Leicester Lions are a speedway team which originally operated from 1968 until 1983. The club returned to speedway for the 2011 Premier League season, moving up to the Elite League for the 2014 season. Before the 2019 season, the club dropped down to the SGB Championship before returning to the Premiership in 2023.

Previous teams
Speedway started at Leicester in 1928 at Leicester Stadium with the Leicester Stadium team entering the English Dirt Track League in 1929 finishing 5th but by 1931 the track, beset with problems, closed. Speedway was also staged at a track known as Leicester Super off Melton Road. After World War II, speedway returned in 1948. The team were nicknamed the Leicester Hunters and ran under that name until closure in 1962. In 1949 the team started in the National League Division Three and moved up over the years operating in the top flight for some time until the end of 1961.

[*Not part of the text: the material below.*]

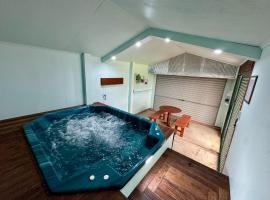 Wild Hearts Cottage，位于沃拉鲁的酒店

The first Lions era (1968–1983)

Speedway returned to Leicester Stadium in 1968, with the formation of the Lions, when Reg Fearman and Ron Wilson moved in the Long Eaton team who had lost their home in 1967. The team competed in the British League, the top division of British speedway at the time. In 1977 Vic White took over from Wilson, the two acting as co-promoters until 1980 when Martin Rogers took over. Speedway continued until 1983 when the stadium was suddenly sold for housing development leaving the Lions homeless.  Notable riders from the first Lions era include Ray Wilson, Anders Michanek, Graham Plant, Alan Cowland, Malcolm Brown, John Boulger, Dave Jessup, Ila Teromaa, John Titman, Les Collins, Neil Collins, Rolf Gramstad, and Mark Courtney,

Season summary (first era)

Second Lions era (2011 onwards)

In the late 2000s, a group of fans with chairman Ken Naylor  from the Leicester Speedway Supporters Club/campaign group began discussions with various local bodies about the return of Speedway to the Leicester area.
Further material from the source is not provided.